Stack-Minimum bracket Reversal

For a given expression in the form of a string, find the minimum number of brackets that can be reversed in order to make the expression balanced. The expression will only contain curly brackets.
If the expression can't be balanced, return -1.
Example:
Expression: {{{{
If we reverse the second and the fourth opening brackets, the whole expression will get balanced. Since we have to reverse two brackets to make the expression balanced, the expected output will be 2.

Expression: {{{
In this example, even if we reverse the last opening bracket, we would be left with the first opening bracket and hence will not be able to make the expression balanced and the output will be -1.
Input Format :
The first and the only line of input contains a string expression, without any spaces in between.
Output Format :
The only line of output will print the number of reversals required to balance the whole expression.
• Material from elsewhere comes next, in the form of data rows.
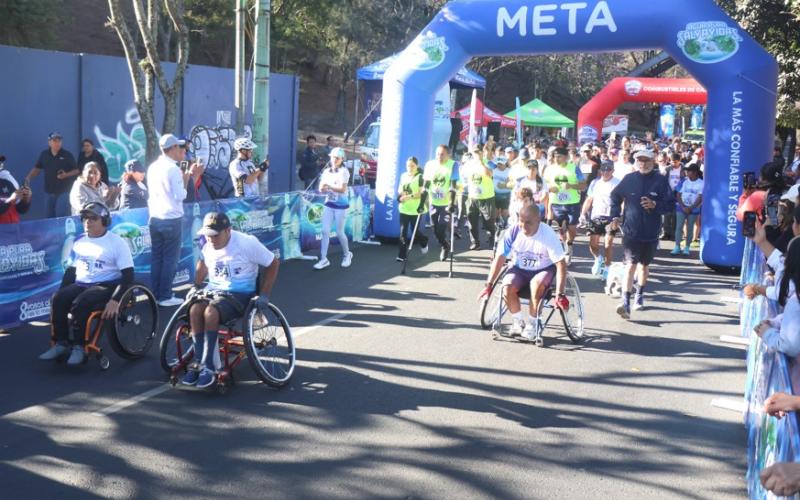 Carrera Paralímpica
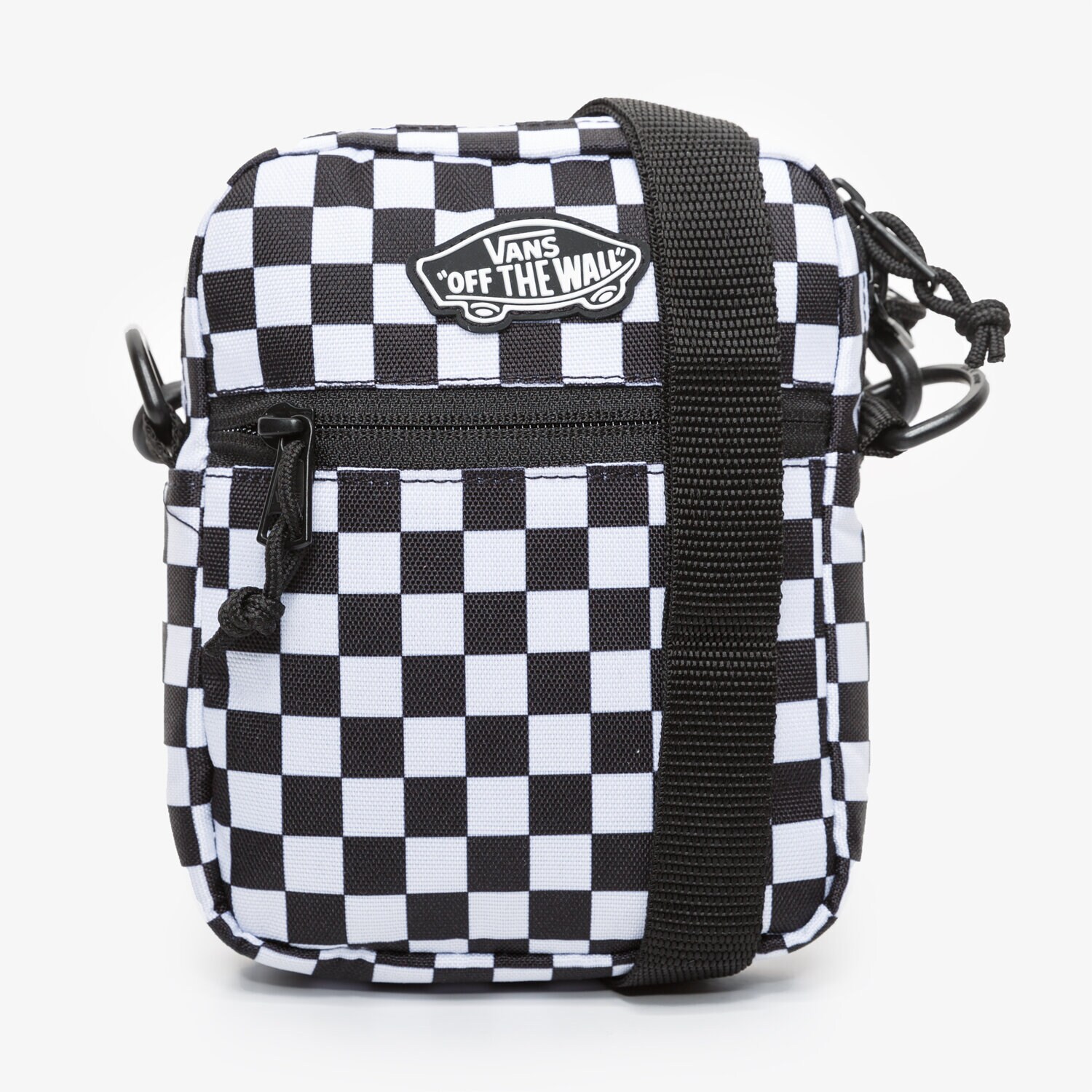 Torba sportowa damska na ramię VANS TOREBKA STREET READY II CROSSBODY VN0A4BH156M1 CZARNY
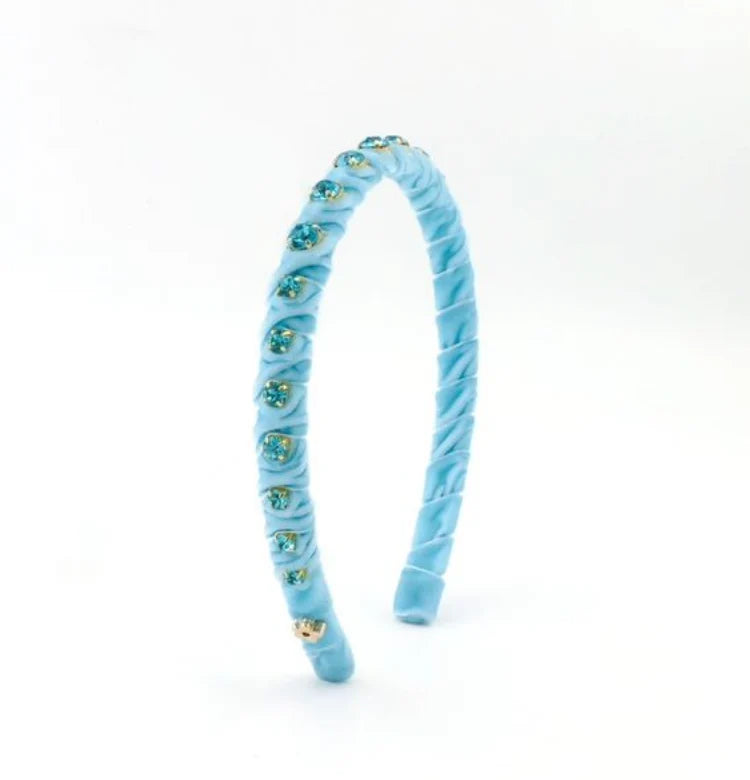 Poppyland | Velvet Stones Headband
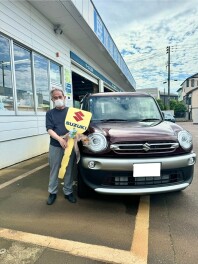 Ｋ様　クロスビーご納車おめでとうございます！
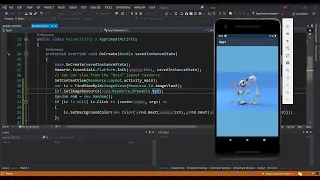 Xamarin Android in Visual Studio 2019 (C# ImageView Getting Started)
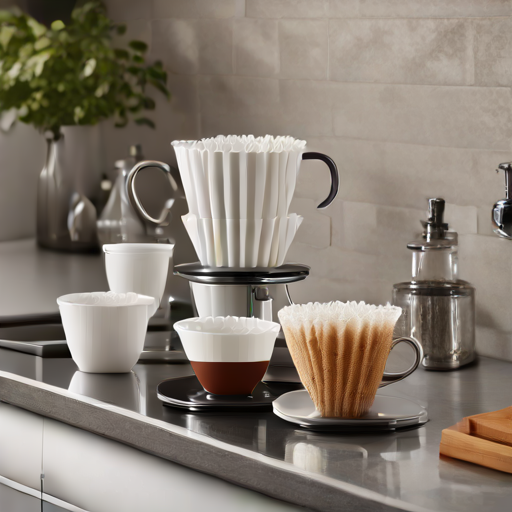 Afbeelding van Multifunctionele Koffiefilters: Een Slimme Investering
Prints -1, otherwise.
Note:
You don't have to print anything. It has already been taken care of.
Constraints:
0 <= N <= 10^6
Where N is the length of the expression.

Time Limit: 1sec
Sample Input 1:
{{{
Sample Output 1:
-1
Sample Input 2:
{{{{}}
Sample Output 2:
1

************************************************Code**********************************************
import java.util.Stack;
public class Solution {

	public static int countBracketReversals(String input) {
		
		if(input.length()%2!=0)
			return -1;
		Stack<Character> stk = new Stack<>();
		for(int i=0;i<input.length();i++)
		{
			if(input.charAt(i)=='{')
			{
				stk.push('{');
			}
			else if(input.charAt(i)=='}')
			{
				if(stk.isEmpty() || stk.peek()=='}')
				{
					stk.push('}');
				}
				else if(stk.peek()=='{')
				{
					stk.pop();
				}
			}
		}
		int cnt=0;
		while(stk.size()!=0)
		{
			char c1=stk.pop();
			char c2=stk.pop();
			if(c1==c2)
			{
				if(c2=='{')
					c2='}';
				if(c1=='}')
					c1='{';
				cnt++;
			}else
			{
				c1='{';
				c2='}';
				cnt++;
				cnt++;
			}
		}
		return cnt;
	}

}